- Vora says Penn fumbled online gaming opportunity by focusing on sports betting
- Vora estimates Penn destroyed $11 billion in shareholder value with bad sports wagering transactions
- Calls Penn a sports betting “laggard”
In its latest salvo aimed at Penn Entertainment (NASDAQ: PENN), HG Vora said the gaming company has destroyed $11 billion in shareholder value since 2021 by focusing on sports wagering, simultaneously fumbling opportunity to establish itself as a leader in the internet casino space.

In a presentation entitled “Genuine Change Is Needed At PENN,” the hedge fund notes that soon after David Handler became chairman of the board in 2019 and Jay Snowden became chief executive officer the following year, the gaming company set out to become an online sports betting (OSB) leader, resulting in a series of ill-fated transactions that plagued the stock price.
Shareholders have suffered greatly due to poor strategic decisions, failed transactions, and poor execution; absolute and relative total shareholder returns have been abysmal and more than $11 billion of shareholder value has been destroyed since 2021,” according to the hedge fund, which is attempting to place three hand-picked candidates on Penn’s board of directors.
The “failed transactions” to which Vora is referring are Penn paying more than $500 million to acquire Barstool Sports, doling out $2 billion in equity for theScore, and the August 2023 agreement with ESPN that could cost as much as $2 billion over a decade. Vora notes that on a combined basis, those deals equate to more than double Penn’s current market capitalization.
Penn Stock Has Languished Amid Sports Betting Focus
In a sentiment echoed by other investors, much of Vora’s dismay regarding Handler and Snowden’s leadership revolves around two points. First, Penn was a strong stock for two decades prior to the operator pushing into OSB. Second, that emphasis prompted investors to focus more on sports wagering than the operator’s profitable, though less glamorous, land-based regional casinos.

Indeed, Penn is in the midst of an unceremonious decline. Fifty months ago, the stock traded at around $140 and joined the S&P 500. As of Wednesday, the shares closed at $14.20 and the stock has since been removed from both the S&P 500 and S&P MidCap 400 Index, and was sent packing to the S&P SmallCap 600 Index.

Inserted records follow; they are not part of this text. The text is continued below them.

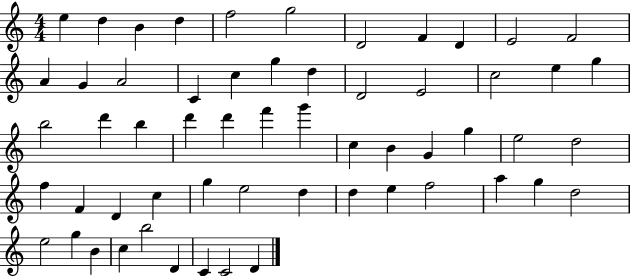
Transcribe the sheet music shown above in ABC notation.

X:1
T:Untitled
M:4/4
L:1/4
K:C
e d B d f2 g2 D2 F D E2 F2 A G A2 C c g d D2 E2 c2 e g b2 d' b d' d' f' g' c B G g e2 d2 f F D c g e2 d d e f2 a g d2 e2 g B c b2 D C C2 D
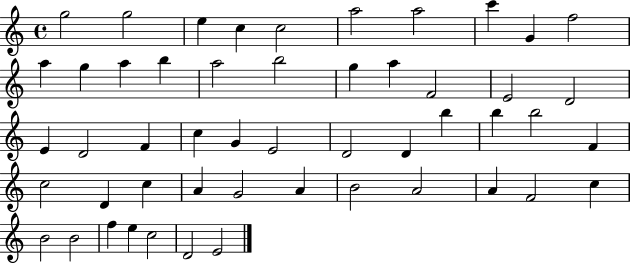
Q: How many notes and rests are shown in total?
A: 51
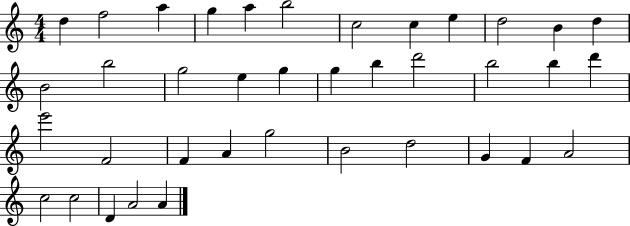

Last week, HG Vora founder Parag Vora sent a letter to Penn shareholders in which he said “PENN trades at a discount to its intrinsic value because its management team and Board of Directors have lost credibility and investors fear further value-destructive decisions.” The money manager adds the gaming company’s board has indulged Snowden’s high compensation while shareholders have suffered.
“Paid the CEO near the top of the Company’s peer group despite consistent total shareholder return underperformance during his tenure; earned Say-on-Pay votes that were among the worst in the S&P 600,” according to the presentation.
Vora Not Buying Penn’s Claims
While there is some momentum for Penn’s standalone Hollywood Casino iGaming platform, Vora isn’t buying claims that the operator’s interactive unit “is nearing an inflection point.” The hedge fund points out that Penn has pushed the timeline for digital profitability out to 2026 from 2025, adding that ESPN Bet’s market share of roughly 2% is well below the operator’s long-term goal of 10%.
Average monthly active users of PENN’s Interactive products have declined by nearly 30% since the launch of ESPN Bet,” according to the investor. “PENN’s Interactive segment is still losing money, with its most recent quarterly Adjusted EBITDA loss bringing its cumulative Adjusted EBITDA losses since 2019 above $1 billion.”
Vora believes value can be created at Penn by refreshing the board with its three independent candidates, right-sizing executive compensation, introducing more challenging related benchmarks, and developing specific strategies for each component in the interactive unit.